The problem. From the line containing "ถนนพัง นานกว่า 10 ปี อ.โชคชัย จ.นครราชสีมา" to the last line of the listing, transcribe exactly and add nothing else; keep both ends and omit pictures.

Data in this exercise.
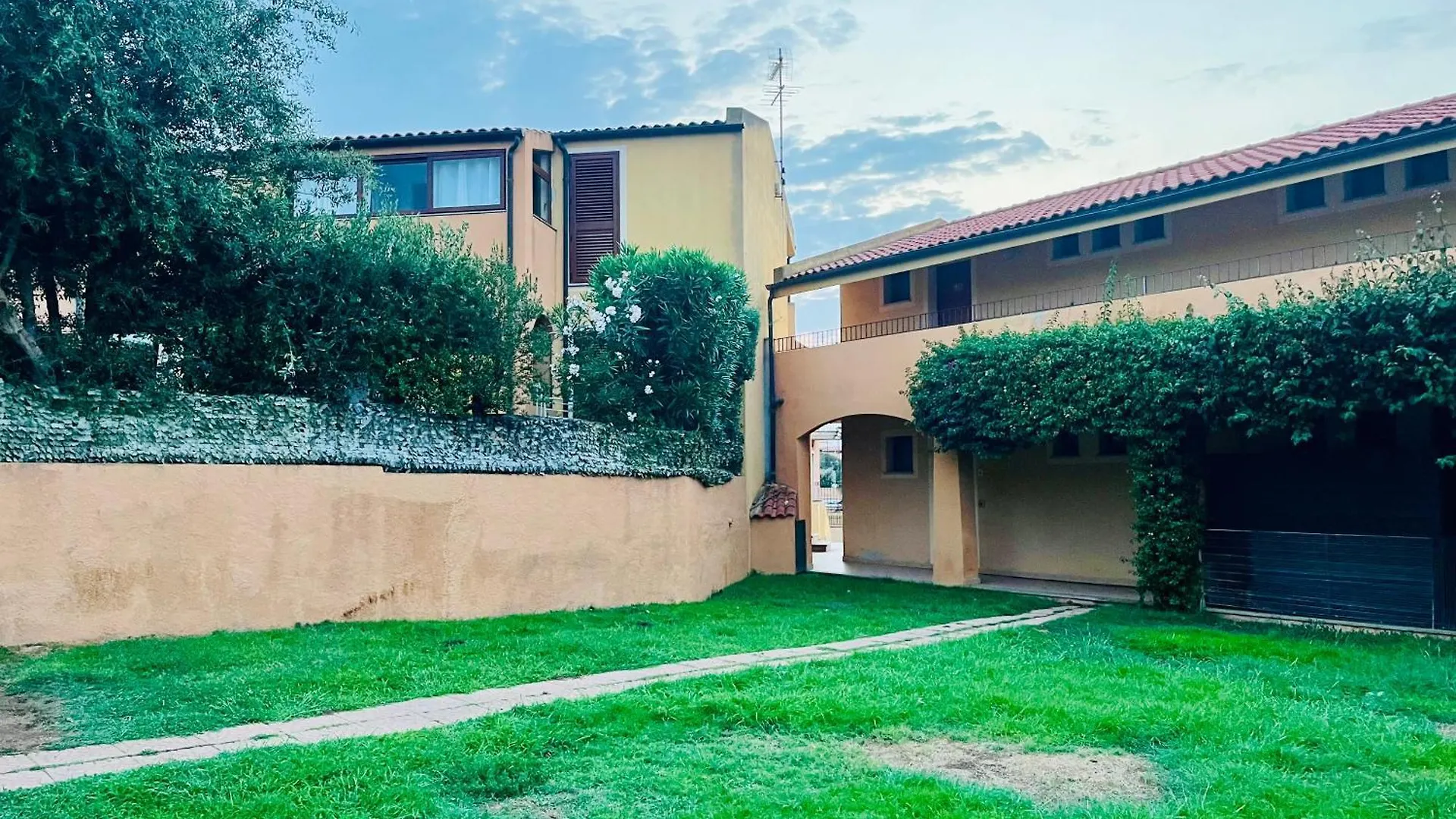 Japandi Suites Olbia Italië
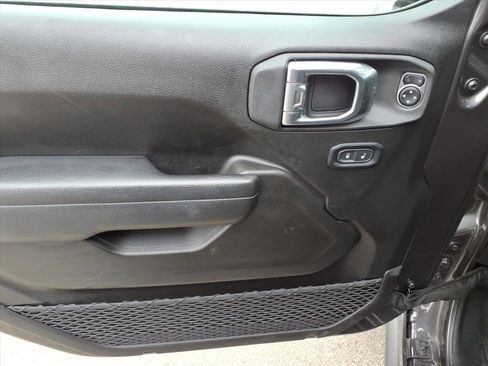 Used 2025 Jeep Wrangler Willys image 15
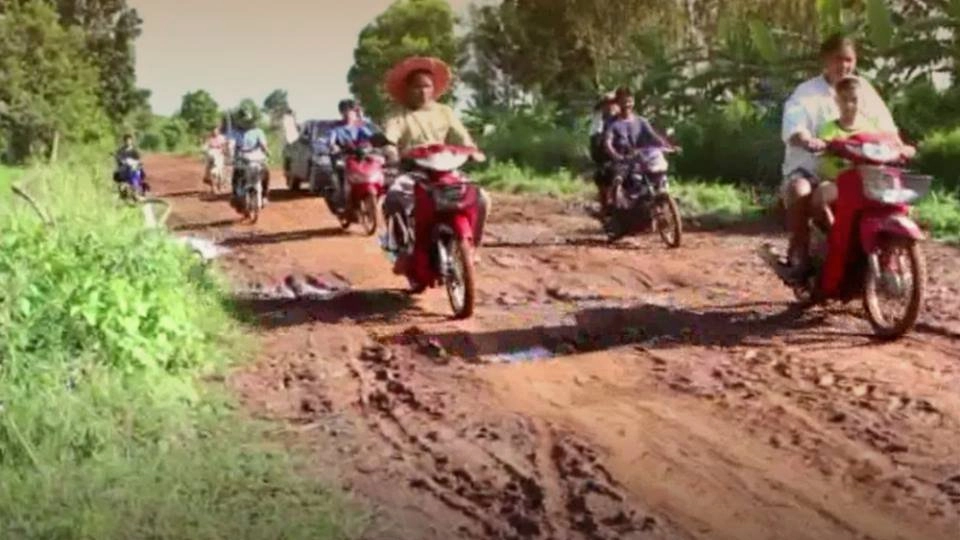 ถนนพัง นานกว่า 10 ปี อ.โชคชัย จ.นครราชสีมา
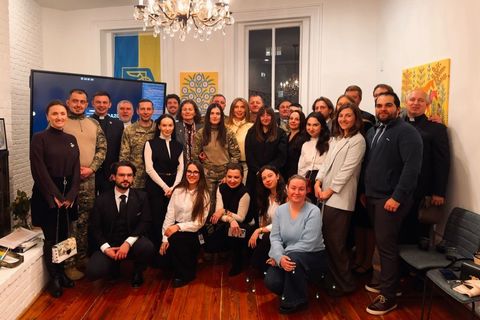 Учасники Школи церковної дипломатії та комунікації долучилися до вшанування українських ветеранів у Вашингтоні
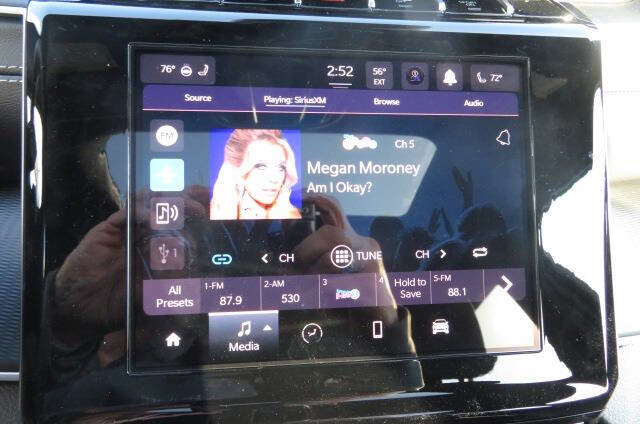 New 2025 Jeep Grand Cherokee L Laredo w/ Luxury Tech Group I image 23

Output.
 ถนนพัง นานกว่า 10 ปี อ.โชคชัย จ.นครราชสีมา
 Учасники Школи церковної дипломатії та комунікації долучилися до вшанування українських ветеранів у Вашингтоні
 New 2025 Jeep Grand Cherokee L Laredo w/ Luxury Tech Group I image 23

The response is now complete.